A commons is a set of resources, which are collectively owned or shared between or among a community or a group of communities (Ostrom, 1990). The commons contains public and private property, over which different communities have certain rights (Ostrom, 1990).

Since the work of Gareth Hardin (1968) and his famous “tragedy of the commons,” most studies have examined appropriate property rights structures for commons-based resource systems by starting with the assumption that the resource (e.g. a forest) generates a highly predictable, finite supply of one type of resource unit (e.g. one species of tress) in each relevant time period. According to this view, anyone (e.g. farmers) can utilize the resource and appropriate (i.e. harvest) resource units. Appropriators gain property rights only to what they harvest. The harvested resource units are then privately owned and can be sold in an open competitive market (see Feeny et al., 1990).

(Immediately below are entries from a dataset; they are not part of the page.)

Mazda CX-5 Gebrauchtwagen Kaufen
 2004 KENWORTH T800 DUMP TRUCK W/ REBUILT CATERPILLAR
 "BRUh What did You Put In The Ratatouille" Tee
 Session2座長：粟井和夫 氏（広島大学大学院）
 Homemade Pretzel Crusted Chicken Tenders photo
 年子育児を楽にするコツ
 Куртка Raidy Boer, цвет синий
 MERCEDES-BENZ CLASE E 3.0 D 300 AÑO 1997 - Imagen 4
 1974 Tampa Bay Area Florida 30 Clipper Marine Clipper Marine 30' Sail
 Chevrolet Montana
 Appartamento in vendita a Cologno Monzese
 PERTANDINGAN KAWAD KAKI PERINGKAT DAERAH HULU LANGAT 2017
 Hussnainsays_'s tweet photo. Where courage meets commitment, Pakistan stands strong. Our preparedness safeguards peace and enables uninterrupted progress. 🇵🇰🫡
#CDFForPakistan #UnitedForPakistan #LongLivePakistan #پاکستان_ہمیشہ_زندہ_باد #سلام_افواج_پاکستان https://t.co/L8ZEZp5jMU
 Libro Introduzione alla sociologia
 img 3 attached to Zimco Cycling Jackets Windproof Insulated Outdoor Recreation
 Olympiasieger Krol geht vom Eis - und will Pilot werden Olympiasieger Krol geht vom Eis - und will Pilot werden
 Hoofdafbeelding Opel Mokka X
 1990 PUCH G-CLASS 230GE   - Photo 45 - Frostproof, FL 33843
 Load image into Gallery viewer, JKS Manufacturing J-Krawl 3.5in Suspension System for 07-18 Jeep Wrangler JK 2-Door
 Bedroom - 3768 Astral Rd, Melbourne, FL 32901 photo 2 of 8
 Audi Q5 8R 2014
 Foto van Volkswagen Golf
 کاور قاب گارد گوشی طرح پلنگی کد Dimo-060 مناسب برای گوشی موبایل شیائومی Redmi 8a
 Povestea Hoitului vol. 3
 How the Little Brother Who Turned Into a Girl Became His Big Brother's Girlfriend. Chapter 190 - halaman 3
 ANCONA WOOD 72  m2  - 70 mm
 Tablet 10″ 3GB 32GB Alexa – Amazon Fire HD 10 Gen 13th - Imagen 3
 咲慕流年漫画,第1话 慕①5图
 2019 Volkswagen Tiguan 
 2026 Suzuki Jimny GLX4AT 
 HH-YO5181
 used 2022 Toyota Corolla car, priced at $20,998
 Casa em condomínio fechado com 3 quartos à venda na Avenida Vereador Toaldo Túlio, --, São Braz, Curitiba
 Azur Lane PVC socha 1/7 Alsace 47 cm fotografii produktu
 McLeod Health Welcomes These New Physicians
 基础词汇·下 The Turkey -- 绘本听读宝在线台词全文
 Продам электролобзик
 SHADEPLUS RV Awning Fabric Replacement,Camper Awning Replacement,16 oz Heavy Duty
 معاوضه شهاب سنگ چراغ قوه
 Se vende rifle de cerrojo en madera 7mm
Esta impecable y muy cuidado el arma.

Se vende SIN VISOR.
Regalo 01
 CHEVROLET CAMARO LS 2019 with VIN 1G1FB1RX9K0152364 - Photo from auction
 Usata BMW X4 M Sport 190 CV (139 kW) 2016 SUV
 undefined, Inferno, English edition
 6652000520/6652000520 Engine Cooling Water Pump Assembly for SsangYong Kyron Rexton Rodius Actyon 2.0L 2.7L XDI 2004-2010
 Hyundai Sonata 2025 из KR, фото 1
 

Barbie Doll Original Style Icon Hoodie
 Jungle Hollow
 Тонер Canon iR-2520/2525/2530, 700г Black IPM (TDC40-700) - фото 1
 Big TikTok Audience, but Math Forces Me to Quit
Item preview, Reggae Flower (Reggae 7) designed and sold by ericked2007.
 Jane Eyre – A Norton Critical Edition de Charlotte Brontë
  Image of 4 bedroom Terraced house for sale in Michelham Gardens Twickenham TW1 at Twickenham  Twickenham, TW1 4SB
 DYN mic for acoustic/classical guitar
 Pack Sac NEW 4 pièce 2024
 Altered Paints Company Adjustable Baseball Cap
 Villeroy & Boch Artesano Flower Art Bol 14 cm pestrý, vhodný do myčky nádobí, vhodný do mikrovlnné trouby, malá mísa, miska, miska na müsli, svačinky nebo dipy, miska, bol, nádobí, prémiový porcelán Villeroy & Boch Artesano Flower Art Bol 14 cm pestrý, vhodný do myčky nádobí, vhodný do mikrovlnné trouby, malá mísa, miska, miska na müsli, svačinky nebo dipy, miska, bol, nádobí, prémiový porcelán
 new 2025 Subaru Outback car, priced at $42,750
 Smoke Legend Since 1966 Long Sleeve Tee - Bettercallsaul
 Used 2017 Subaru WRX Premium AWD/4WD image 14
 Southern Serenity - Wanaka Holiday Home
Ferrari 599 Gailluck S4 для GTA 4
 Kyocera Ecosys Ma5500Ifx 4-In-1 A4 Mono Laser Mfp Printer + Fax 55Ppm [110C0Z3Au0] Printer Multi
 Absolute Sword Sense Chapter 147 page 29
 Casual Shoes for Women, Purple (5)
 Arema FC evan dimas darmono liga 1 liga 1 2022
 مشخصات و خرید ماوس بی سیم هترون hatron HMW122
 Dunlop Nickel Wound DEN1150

Potential problems in the use, governance, and sustainability of a commons can lead to social dilemmas such as free-riding and overconsumption. In turn, recommendations are made where external authorities impose a different set of institutional rules and property rights to manage these dilemmas toward socially optimal actions for the sake of public interest. Some scholars recommend private property as the most efficient form of ownership, whereas others recommend government ownership and control (see Hess & Ostrom, 2003 for an extensive discussion).